▶ _EXERCISE INSTRUCTIONS_: What is needed is the exact text of each line in the listing below from the one with "Mimorou 30 Pcs" up to and including the one with "Jacksonville Jaguars Gameday", and no pictures.

▶ _LISTED ENTRIES_:
________________________________________

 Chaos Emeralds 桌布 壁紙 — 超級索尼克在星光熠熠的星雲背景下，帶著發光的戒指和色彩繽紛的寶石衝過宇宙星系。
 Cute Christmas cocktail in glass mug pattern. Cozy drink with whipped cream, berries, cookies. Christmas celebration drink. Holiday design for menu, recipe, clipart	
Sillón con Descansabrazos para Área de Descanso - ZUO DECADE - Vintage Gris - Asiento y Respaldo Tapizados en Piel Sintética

________________________________________

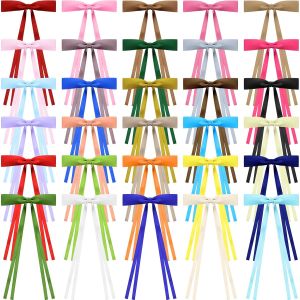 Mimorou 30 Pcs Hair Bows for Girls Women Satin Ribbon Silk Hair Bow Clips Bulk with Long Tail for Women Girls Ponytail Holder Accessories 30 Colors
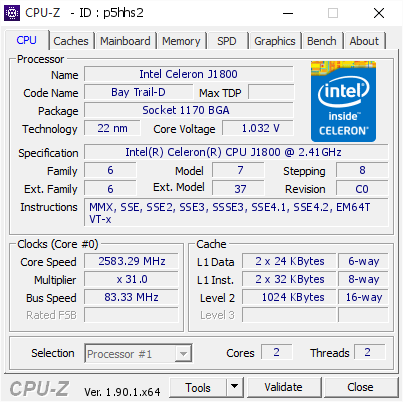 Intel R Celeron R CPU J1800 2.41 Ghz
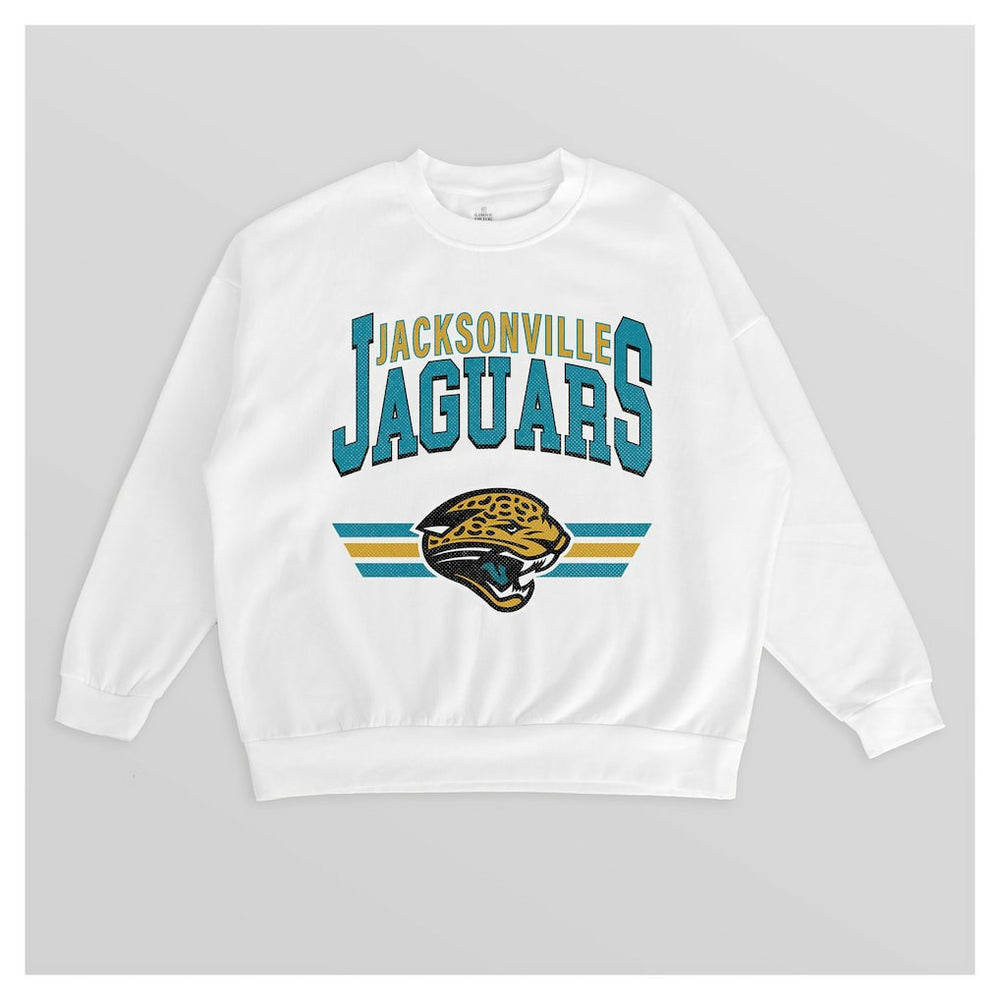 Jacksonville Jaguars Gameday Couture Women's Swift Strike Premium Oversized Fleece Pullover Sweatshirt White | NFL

________________________________________

▶ _WORKED SOLUTION_:
 Mimorou 30 Pcs Hair Bows for Girls Women Satin Ribbon Silk Hair Bow Clips Bulk with Long Tail for Women Girls Ponytail Holder Accessories 30 Colors
 Intel R Celeron R CPU J1800 2.41 Ghz
 Jacksonville Jaguars Gameday Couture Women's Swift Strike Premium Oversized Fleece Pullover Sweatshirt White | NFL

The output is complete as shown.